Her medical history is also very informative. In 2004, she was involuntarily committed for showing violent behaviour. In 2007, while hospitalized, Ms. Ness kicked her mother in the back and hit her repeatedly. Then, in 2009, Ms. Ness grabbed a large kitchen knife and marched upstairs toward her mother after discovering a magazine about schizophrenia. In another incident, Ms. Ness kicked and punched the emergency department psychiatrist. By the time she was given a CTO in 2009, she had five hospitalizations.

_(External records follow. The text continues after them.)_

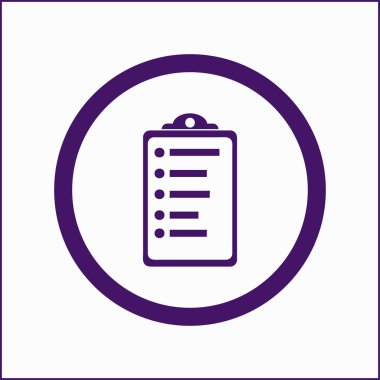 Pano simgesi web tasarım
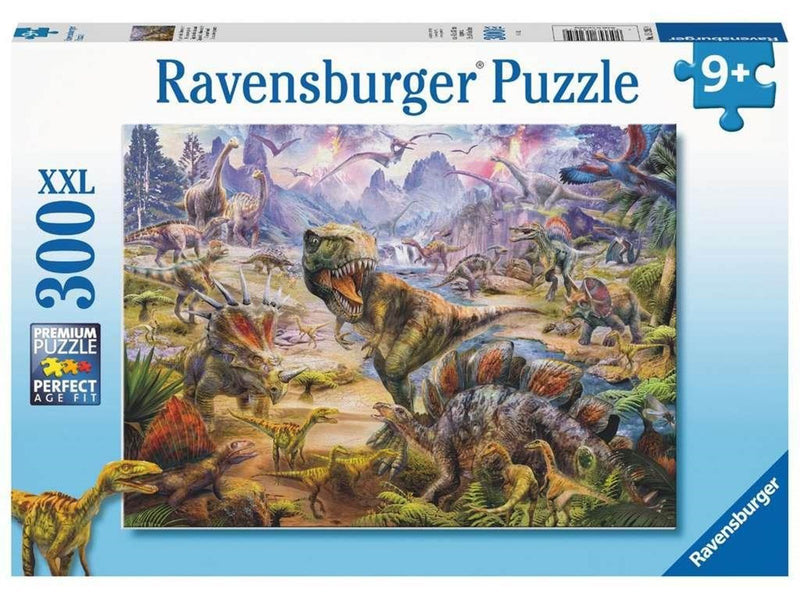 Ravensburger Dinosaur World 300pcs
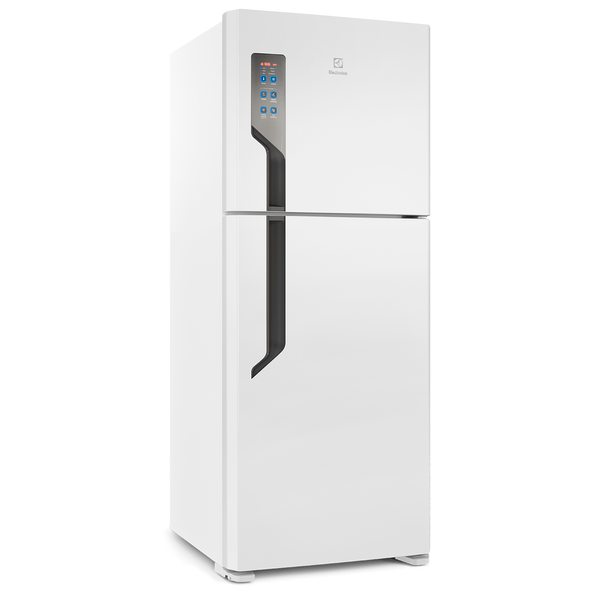 Geladeira / Refrigerador Electrolux, Frost Free, Top Freezer, 431L, Branco - TF55 220V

Mr Justice Belobaba stated:

Ms. Ness' community treatment plan includes monthly appointments with her psychiatrist, meeting with her case manager every three weeks, and orally taking a low dose of antipsychotic medication. Since being placed on a CTO, Ms. Ness has not been admitted to a psychiatric facility, either voluntarily or involuntarily. Ms. Ness has maintained her housing. She volunteers with community organizations, has a job, and takes yoga and acting classes. While she believes that the CTO is restrictive of her "liberty and autonomy" and is "an attack on [her] personal dignity," she prefers the CTO to involuntary hospitalization.

From my point of view, the CTO has worked and has mostly improved her quality of life.

However, while upholding the constitutional validity of the expanded legislation, Mr Justice Bolobaba did comment that the appellants have provided a compelling case for government review of the existing legislation and of coercive psychiatry. I don't agree with the learned judge but I will address that issue later in an expanded version of what I wrote in a 2011 post called Dying With Your Rights Intact.